Material provided:

□ □ □ □

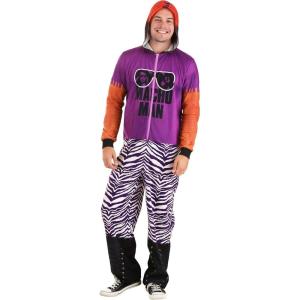 Fun Costumes Macho Man Union Suit jumpsuit for Adults – Hooded Jumpsuit with All-Over Printed Graphics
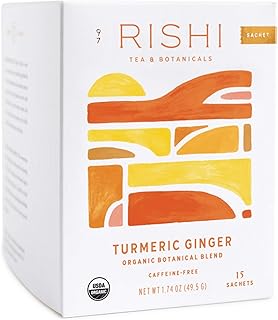 Thé rishi au curcuma et au gingembre, sachets de tisane sans caféine, 15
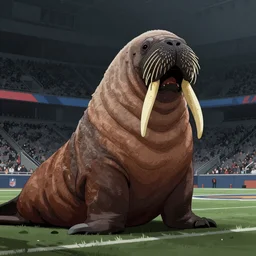 a dark fantasy illustration of an enormous walrus on an NFL sideline
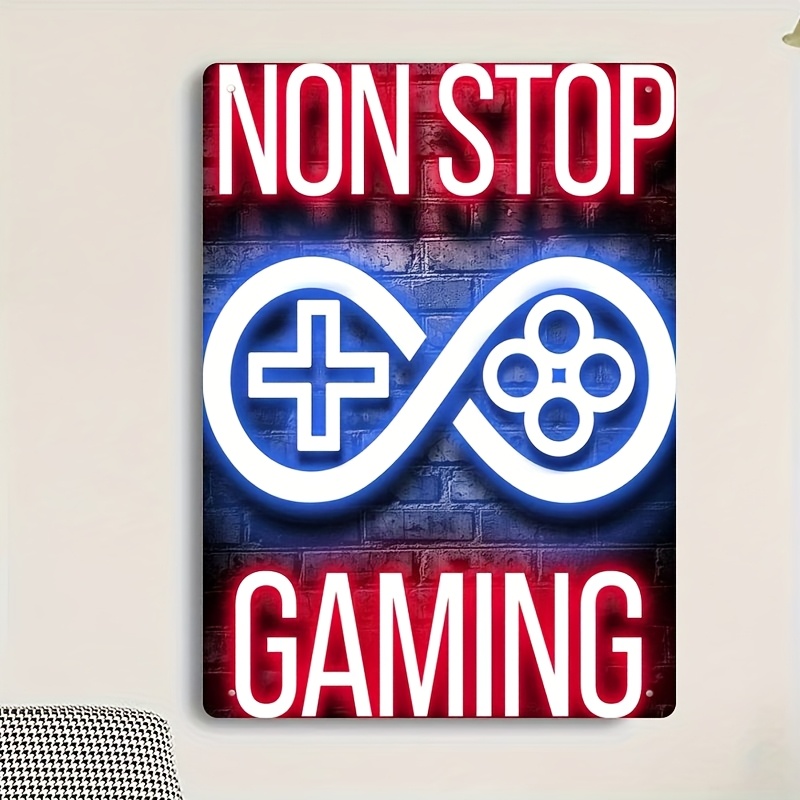 Retro Gaming Cafe - Retro Metal Tinplate Wall Art Plaque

□ □ □ □

The task: What you return must match the lines from the top of the data through the line with "a dark fantasy" exactly, with the pictures removed.

Expected answer:
 Fun Costumes Macho Man Union Suit jumpsuit for Adults – Hooded Jumpsuit with All-Over Printed Graphics
 Thé rishi au curcuma et au gingembre, sachets de tisane sans caféine, 15
 a dark fantasy illustration of an enormous walrus on an NFL sideline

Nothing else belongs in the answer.